I am now 30 weeks pregnant. It feels like 300 weeks haha. I’m excited for the birth. That’s what makes us surrogates a little weird I think. We look forward to something most people fear.
But we look forward to the birth because it is so exciting for the parents! This has been 18 months of hard work and we can’t wait for that moment when they get to hold their child for the first time. Oh the emotions!
My doctor wants to induce me in the 39th week. According to WHO research, they have determined that pregnancies are not as safe for the baby to continue past 40 weeks. I have delivered all of my previous pregnancies at 41 weeks when I’ve gone into spontaneous labor.
I’m a bit nervous about getting induced. I try to take a more natural approach to things and I don’t want to force something early that’s not ready. My IFs feel pretty similarly. Obviously our doctor said she can only make recommendations and it’s up to us to decide what to do. We’re going to decide when it gets closer.
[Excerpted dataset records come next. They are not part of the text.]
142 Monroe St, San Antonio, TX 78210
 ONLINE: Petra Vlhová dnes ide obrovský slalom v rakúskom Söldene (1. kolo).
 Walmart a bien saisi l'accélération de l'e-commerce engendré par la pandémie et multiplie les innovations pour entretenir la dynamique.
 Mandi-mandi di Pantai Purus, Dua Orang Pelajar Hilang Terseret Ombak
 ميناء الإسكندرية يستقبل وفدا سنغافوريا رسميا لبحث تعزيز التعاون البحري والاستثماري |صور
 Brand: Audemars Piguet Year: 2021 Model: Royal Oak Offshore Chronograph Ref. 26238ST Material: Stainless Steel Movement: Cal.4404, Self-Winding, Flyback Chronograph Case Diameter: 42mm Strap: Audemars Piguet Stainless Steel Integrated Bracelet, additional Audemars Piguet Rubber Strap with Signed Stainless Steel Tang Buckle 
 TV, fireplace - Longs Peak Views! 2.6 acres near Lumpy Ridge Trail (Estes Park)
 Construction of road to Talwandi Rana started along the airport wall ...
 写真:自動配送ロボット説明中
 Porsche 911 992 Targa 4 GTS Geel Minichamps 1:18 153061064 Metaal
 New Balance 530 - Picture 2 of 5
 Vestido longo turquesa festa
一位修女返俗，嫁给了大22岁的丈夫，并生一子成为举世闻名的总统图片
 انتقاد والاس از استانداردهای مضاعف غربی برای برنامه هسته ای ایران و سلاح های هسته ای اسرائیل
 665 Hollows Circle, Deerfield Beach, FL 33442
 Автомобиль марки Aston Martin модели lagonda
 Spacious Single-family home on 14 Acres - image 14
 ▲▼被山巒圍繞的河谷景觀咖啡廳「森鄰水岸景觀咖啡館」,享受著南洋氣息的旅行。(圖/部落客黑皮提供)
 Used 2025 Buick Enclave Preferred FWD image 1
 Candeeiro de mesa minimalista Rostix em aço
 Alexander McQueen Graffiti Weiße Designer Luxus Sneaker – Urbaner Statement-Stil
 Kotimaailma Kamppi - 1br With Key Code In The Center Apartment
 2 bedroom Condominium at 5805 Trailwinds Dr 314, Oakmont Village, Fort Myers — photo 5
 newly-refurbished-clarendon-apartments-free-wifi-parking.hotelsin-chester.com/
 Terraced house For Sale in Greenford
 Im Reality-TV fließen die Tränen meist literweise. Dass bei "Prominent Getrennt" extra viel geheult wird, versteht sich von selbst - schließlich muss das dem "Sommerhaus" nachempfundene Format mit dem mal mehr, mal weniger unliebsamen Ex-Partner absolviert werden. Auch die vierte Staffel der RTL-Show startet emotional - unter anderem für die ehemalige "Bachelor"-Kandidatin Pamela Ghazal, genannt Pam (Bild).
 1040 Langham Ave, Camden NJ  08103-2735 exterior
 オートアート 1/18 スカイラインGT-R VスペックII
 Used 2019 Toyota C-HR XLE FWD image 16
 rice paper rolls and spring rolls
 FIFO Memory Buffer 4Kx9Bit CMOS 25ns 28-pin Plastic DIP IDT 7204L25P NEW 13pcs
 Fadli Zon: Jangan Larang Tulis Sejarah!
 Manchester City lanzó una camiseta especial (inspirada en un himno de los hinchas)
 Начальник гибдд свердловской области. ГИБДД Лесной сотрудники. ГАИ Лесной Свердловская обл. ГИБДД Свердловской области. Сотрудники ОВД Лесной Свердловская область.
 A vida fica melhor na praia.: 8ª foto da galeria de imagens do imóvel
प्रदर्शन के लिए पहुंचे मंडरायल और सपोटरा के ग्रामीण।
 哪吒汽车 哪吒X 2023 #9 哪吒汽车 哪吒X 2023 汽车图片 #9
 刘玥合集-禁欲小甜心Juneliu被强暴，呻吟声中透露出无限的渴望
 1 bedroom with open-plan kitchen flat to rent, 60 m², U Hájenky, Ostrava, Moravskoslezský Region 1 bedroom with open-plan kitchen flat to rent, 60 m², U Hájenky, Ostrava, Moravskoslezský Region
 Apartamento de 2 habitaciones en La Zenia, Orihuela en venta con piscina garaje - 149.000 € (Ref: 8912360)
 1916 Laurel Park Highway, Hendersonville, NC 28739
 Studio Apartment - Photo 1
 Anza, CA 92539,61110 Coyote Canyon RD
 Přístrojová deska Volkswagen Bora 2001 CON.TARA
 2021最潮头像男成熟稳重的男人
My IFs are coming to Minnesota at about week 37/38. They are staying in Minneapolis and have rented a pretty trendy condo. I can’t wait to see it and I’m soooo excited to see them again!
I decided to gift them a newborn photography session. This will be a surprise. I searched high and low for the perfect photographer and finally found her. She specializes in creating intimate images that really capture the emotion of the parents. I hope they love it.
I’m trying to decide if I want to do a maternity photo shoot. I’ve never done one before. Have you? Part of me feels it’s a bit silly to waste so much money on pictures of yourself. Then the other part looks at other people’s beautiful images and I want one of my own. This might be my last pregnancy so it might be a now or never situation!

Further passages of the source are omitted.